I know it's back to school time when the Target parking lot is packed with my fellow Keen wearing, Subaru driving, tea drinking moms who are all leafing through the latest issue of 5280 while waiting for the magic doors to open.
Armed with our school supply list, the girls, the boy and I made a game of it - darting here and there - mesmerized by the cardboard rounders stuffed with crayons and pencils. I happily checked items off the list while three little people flung school supplies into the shopping cart until I hit an impasse: 1 large plastic school box (7" x 11" x 2.5").
I did not bold the dimensions for effect. The same person who makes my overachieving brain apoplectic with 1 box Flair fine-lined felt-tip pens, black, 6 count (black felt tips can be found in packs of two, eight or twelve, but not six!) made this oh-so-subtle accentuation so that all of us size-challenged parents would make sure we got the LARGE school box and not the SMALL school box because, you know, all children need a school box that can hold their pencils, a small furry animal, their lunch and the worldly possessions of a small country. I was a madwoman, borrowing a ruler from this bin to measure the pencil boxes in this bin only to discard boxes: too small, too big, too pink!
We were eventually paroled from Target, but only after depositing a good chunk of money with them. School supplies used to be so cheap, too! I spent $20 in my first year of school supply shopping for Lizzie. Now, with Olie and Lizzie in school, one at a school that requires us to purchase name brand items and the other entering middle school and the land of lockers - and locker accessories* - I spent $100 on notebooks and erasers that will be trashed by the end of the term. But, what can you do? You just spend the money and move on. And, if you're altruistic like me, you help another family buy their child a pencil box the size of a suitcase.

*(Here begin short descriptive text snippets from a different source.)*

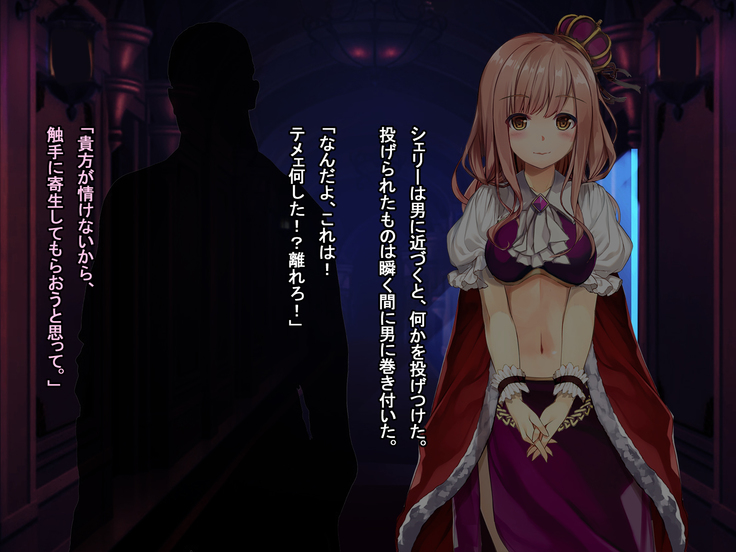The Price of Vengeance ~Despair of a Maid and Little Sister Princess~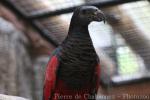 Pesquet's parrot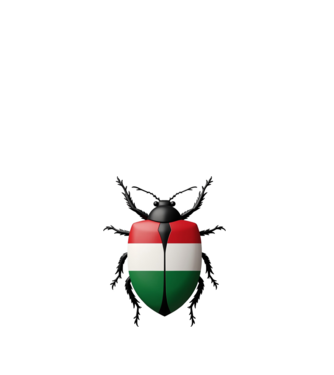 Magyar Poloska minta fehér pólón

*Lizzie just had to have the magnetic compact mirror, locker shelving, and magnetic wire basket. I bought the basket for her, but she used her own money to purchase the pink glitter embossed "Girls Rock" compact. She has already proclaimed 6th grade as her year of pink.
2 comments:
Emma (6th grade) has to have a "trapper keeper" (I think) notebook that velcro's shut, doubles as a backpack (yet, due to other requirements, has to fit INSIDE a backpack) and has an over-the-shoulder strap.
There is one brand, one store, and about 30% less stock than students with the requirement in the greater Boston area.
Nice.
There's a reason cited, at least: The kids start going from room to room this year, and this THING is supposed to double as their portable desk.
Your Trapper Keeper nightmare is my felt pen fiasco. I'm feeling you on this one. Completely. Stupid school-supply-list-making-Stepford-parents. Grr.